DecompressionTime should only include Parquet/Gzip/whatever compression, not decoding of Parquet's native encoding/compression.


Generally Snappy works well but there are probably cases where uncompressed would be faster. Compression often improves performance if your workload is bottlenecked on disk I/O since it reduces the amount of data that needs to be read from disk.

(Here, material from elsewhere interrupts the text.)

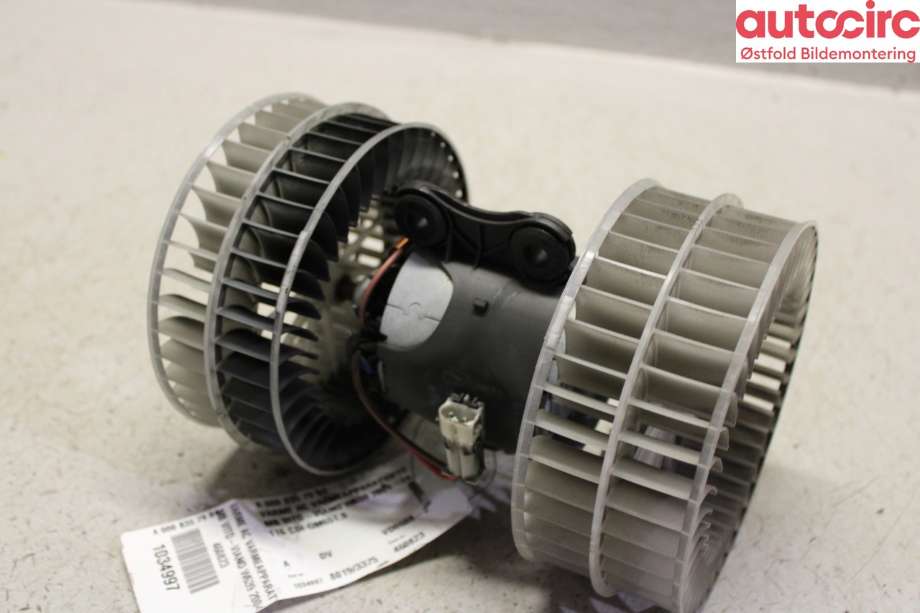 Varmeapparat motor til Mercedes Vito/Viano 2010-2014 (Fase 2) (W639) (W639) (MERCEDES|A 000 835 79 04|)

For reference, Snappy can decompress in the range of 1.5GB/s per core, so it is pretty fast!

 

https://www.percona.com/blog/2016/04/13/evaluating-database-compression-methods-update/

Contributor

Thanks Tim,

 

so in this case, i see

 

 

- DecompressionTime: 3m31s

 

taking 3 min, should I avoid compression for this table?

 

Thanks

Shannon 

It's hard to answer in isolation. You could compare to MaterializeTupleTime, which is the amount of time spent materializing the rows from the table. If it's small in comparison then it's not eating up a significant amount of CPU time.

 

I suspect if it's taking that long to decompress then you're also saving significant I/O. You could look at StorageWaitTime to get an idea of how much time is spent waiting for I/O.

 

I haven't seen many cases in practice where snappy decompression is the performance bottleneck for a query.

Contributor

i searched and saw

 

 - MaterializeTupleTime(*): 13m22s

i saw 6 and roughly the same.

 

and below TotalStorageWaitTime from 30s to 1m12s

 

 

TotalStorageWaitTime: 1m12s

 

 

Based on that the query is likely bottlenecked more on the number of rows that it's scanning instead of decompression.

Contributor

I see, yes this pariticular table is huge, anything else we can do to improve?

 

Thanks

Shannon

CDH5.12 had some Parquet perf improvements, particularly for select scans
(e.g. you have a condition in your where clause that returns a small
fraction or rows).

If the queries frequently filter on a specific non-partition column, you
might be able to take advantage of Impala's min/max statistics by creating
a sorted table:
https://www.cloudera.com/documentation/enterprise/latest/topics/impala_create_table.html
. If the data is sorted then Impala can often skip over whole files that
don't contain relevant data.

Contributor

Thanks, we will look at the option for upgrade.

 

Will also check sorted table, i can put multiple columns right? any difference for the order of the sorted columns?

 

Thanks

Shannon

It will sort by the first column first, then the second column, etc. So filters on the first column will likely be most effective.